Ese episodio también sirvió para mostrar que la cara oscura de Alemania todavía no desapareció por completo: como ocurría en la ex RDA o en la época del nazismo, donde la ley del silencio era una garantía de tranquilidad política y hasta de supervivencia, durante casi cinco días la policía e incluso la prensa silenciaron la saturnal de la noche de Año Nuevo. Aplicando una interpretación sui generis del principio de políticamente correcto, creyeron que denunciar esos desmanes perjudicaría la causa de los refugiados, según confesaron en las semanas siguientes.

Como era previsible, ese episodio sirvió para avivar el odio racista e islamófobo. Un partidario de Pegida le exigió a Merkel que asumiera la responsabilidad por haber “dejado entrar a esa chusma”. Al mismo tiempo, los grupos xenófobos y los movimientos de extrema derecha encontraron el pretexto ideal para intensificar la ola de ataques e incendios contra albergues de migrantes y agresiones personales contra refugiados.
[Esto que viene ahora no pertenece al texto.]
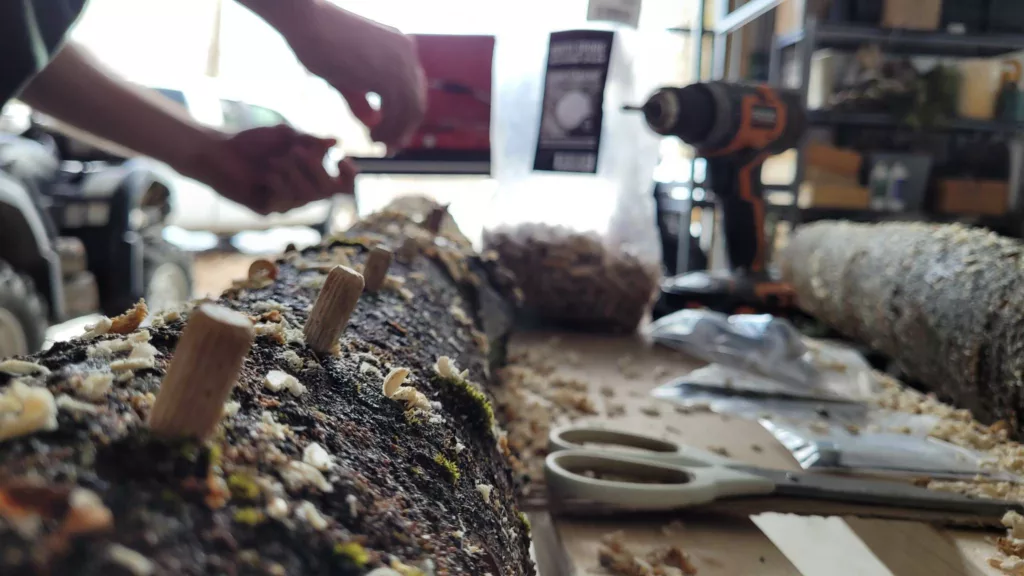 Inserting mushroom plug spawn into logs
“Alemania tiene un problema de xenofobia”, admitió en Berlín el ministro de Interior alemán, Thomas de Maizière, durante un debate con los responsables de la policía criminal federal. Para sostener sus afirmaciones, el ministro exhibió dos cifras elocuentes: los ataques racistas se quintuplicaron en el último año (pasaron de 199 en 2014 a 1.005 en 2015). El jefe de policía de Leipzig fue aún más drástico: el país vive “un ambiente de pogroms”, aseguró aludiendo a las persecuciones de judíos en los años del nazismo.

En pocos meses ese encadenamiento de episodios de violencia provocó un cambio abrupto del clima político en Alemania.
Alarmado por esa escalada, el columnista Ross Douthat del New York Times escribió recientemente que para evitar “un resurgimiento del estilo de violencia política de los años 30”, la mejor solución era que Angela Merkel se fuera.

No es el único que piensa eso. Las críticas contra Merkel que llovieron en las últimas semanas y la rebelión de 100 diputados democristianos indican que existe una conspiración en marcha para precipitar un cambio en la cúspide del gobierno. El grupo rebelde que opera en la penumbra cree que, en una primera fase, el hombre ideal para asegurar el relevo es el actual ministro de Finanzas, Wolfgang Schäuble, de 73 años. Condenado a desplazarse en una silla de ruedas desde que fue baleado por un desequilibrado en 1990, cuando era ministro de Interior en el gobierno de Helmut Kohl, es uno de los políticos más populares de Alemania, gracias al prestigio que cosechó como artífice del nuevo milagro económico alemán.

A diferencia de Franklin D. Roosevelt, que ocultaba su incapacidad bajo una frazada, Schäuble sabe explotar su “diferencia”. En una entrevista que concedió al semanario Der Spiegel en 2011 admitió que cuando sueña se ve caminando. En estos años demostró que, a 12 km por hora  –la velocidad que desarrolla su silla de ruedas– puede ir mucho más rápido y es capaz de llegar más lejos que cualquiera de sus adversarios.